Three months later, Kal says he did not regret passing up a million bucks to do the right thing.
"I knew it was a longtime customer who had left it here," he continued. "They didn't know they had the winning ticket, so they never would have known if I hadn't found them. But then you'd have to live through the guilt of that all your life."
Andy discovered the slip of paper in question when a regular customer had stopped by with three folded lottery tickets he had bought at a different store in Lincoln. The player asked Andy to check them for any winners, but had only checked two tickets. He didn't realize it at first, but by the time the customer left the store, he noticed a third ticket sitting on the counter. Of the three tickets, that one had been worth $1 million.

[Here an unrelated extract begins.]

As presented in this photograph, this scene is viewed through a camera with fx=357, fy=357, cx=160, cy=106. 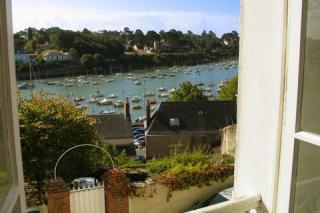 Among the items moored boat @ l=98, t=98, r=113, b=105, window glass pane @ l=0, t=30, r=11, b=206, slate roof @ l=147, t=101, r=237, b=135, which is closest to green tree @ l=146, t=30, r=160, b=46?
moored boat @ l=98, t=98, r=113, b=105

The ticket was part of the Mega Millions drawing where the winner matched the first five lottery numbers 1, 13, 26, 33, and 52, just missing the Mega Ball number 11.
The clerk then called Kal, who immediately came to the store and took note of the man's description from Andy. Thinking he might have an idea of who the customer was, he made it his mission to track him down and hopped in his car to give chase.
"I went into the neighborhood where I knew he lived, but I couldn't find him," Kal recounted to the Salina Journal. "Their cars weren't outside or anything, and I couldn't find their house, exactly which one it was."
But his efforts to locate the winner were for naught, and so he resolved that he would simply hand it to the customer next time he visited the store.
However, he had a sudden change of heart. Getting into his car again, he decided he would take one more drive around the area.
This time, Kal saw the lucky customer and his brother in their car. He followed, and they all eventually stopped once they recognized him.
"I showed them the ticket and told them they were winners," Kal recounted. "They started shaking. They couldn't believe it."
Kal and the shocked brothers drove back to the Pit Stop so they could recheck the numbers and see the proof themselves.
"All of them matched with winning numbers, and that's how they were millionaires," he concluded.
Since returning the rightful ticket to its owner, Kal said he has only seen the customer once.
"The day after they went to Topeka, they stopped in for a soda," he explained. "I haven't seen them since. It surprised me. I had no indication where they were going."
According to Kal, his friends have also chastised him for giving up a million dollars, but he felt he would do the same thing again if given the chance.
"If it had just been dropped and we didn't know who it was, then we wouldn't have known where to look," he remarked. "But we did. It felt good to give it to them. And the praise we got back from everyone for doing this was really nice. They said it restored their faith in humanity."
"Good deeds come back to help you, and bad deeds come back to haunt you," Kal said. "It felt good to find it and then find them."